By definition, the Modified Duration \( D=\frac{\triangle P / P}{\triangle Y} = \frac{dP}{dY}\frac{1}{P}\), and convexity \( C=\frac{d^2 P}{d Y^2}\frac{1}{P} \). We replace them into the expansion function. and drop the last term.

$$\% \triangle P \approx D\cdot \triangle Y+\frac{C}{2}\cdot (\triangle Y)^2$$

Finally, we get the approximated bond price curve. Second order Taylor Expansion is applied, and the Duration and Convexity, two important properties of bonds are included. For more accurate approximation, more terms need to be expanded.

Taylor Rule

Developed by John B. Taylor – aims to be a rule of thumb

If the Federal Reserve decides to increase the liquidity, it would then buy bonds and put more money into the market. As there is more money to lend, the interest rate would go down.

The monetary policy aims to target the inflation rate. Considering the Philips curve, there is a trade-off between unemployment and inflation. Unemployment could be replaced by its counterpart, economic growth. We consider the goal of the monetary department to balance GDP and Inflation.

The Fed normally has a target interest rate, the federal funds rate, which is the overnight rate in the interbank market for short term lending. How should the monetary policy set the target interest rate? This is the key discussion of the Taylor rule.
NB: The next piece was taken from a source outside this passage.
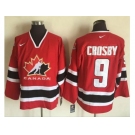 Team CA. #9 Sidney Crosby Red Black 2002 Olympic Nike Throwback Stitched NHL Jersey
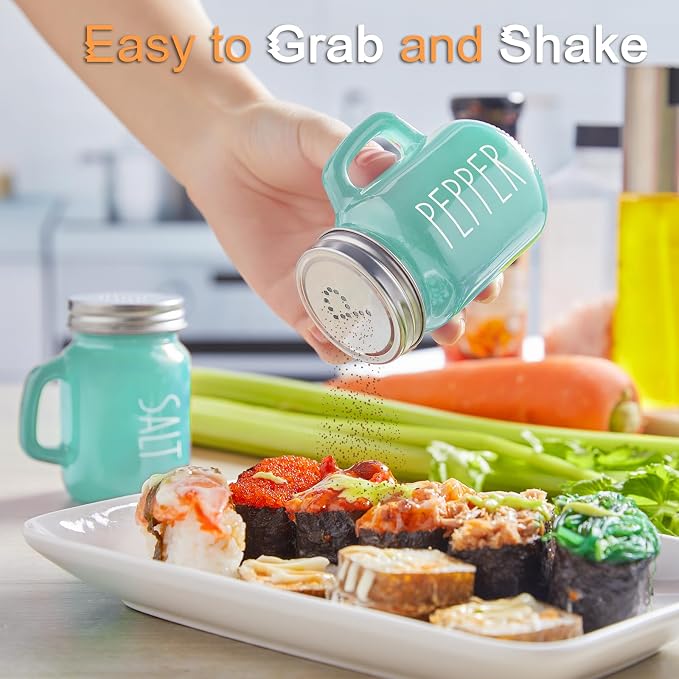 Turquoise Salt and Pepper Shakers Set - Teal Kitchen Decor and Accessories for Home Restaurants Wedding - Glass Salt and Pepper Set for Cooking Table, RV, BBQ, Easy to Clean & Refill - Image 4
$$i=i^*+a (\pi – \pi^*) – b(U-U^*)$$

By the Philips curve, we replace unemployment with output. As we separate the interest rate to be the real interest rate and the inflation rate.
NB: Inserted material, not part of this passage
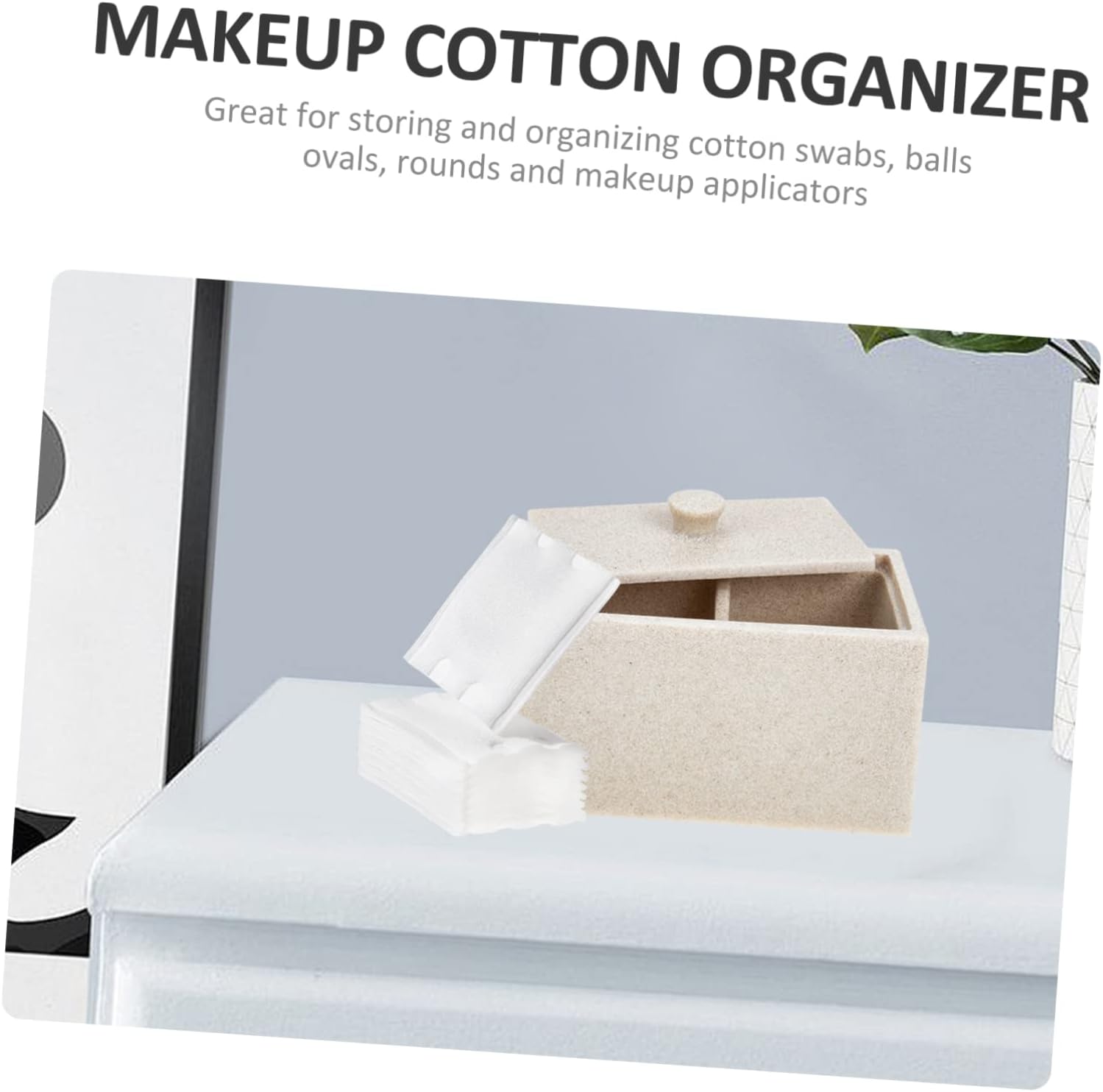 Unomor Space-saving Cotton Pad Box Lid Travel Cotton Swab Holder Resin Material Fashion-forward Design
$$ i=r+\pi^*+a\underbrace{(\pi-\pi^*)}_{Inflation\ Gap}+b\underbrace{(Y-Y^*)}_{Output\ Gap} $$

The output gap could be considered to be by what percentage of the current GDP is below the Potential GDP.

Clearly, the Taylor rule is intuitively to be correct.

If there is an inflation gap the current inflation is greater than the target, which also means there is an extra money supply moving the CPI upward, then the Fed should conduct a contractionary monetary policy, and it should set a higher interest rate.

If the GDP growth is lower than the target (potential), or if the unemployment rate is greater than the target, then the Fed would like to stimulate the market. Thus, it would decrease the interest rate.

For the Taylor rule, John Taylor did not mean the monetary policy should follow it. It is not a law but just a rule of thumb. Normally, we also set the coefficients \(a\) and \(b\) to be 1\2. However, if we think the government would pay more attention to the inflation target, then we could certainly increase the weight of inflation gap.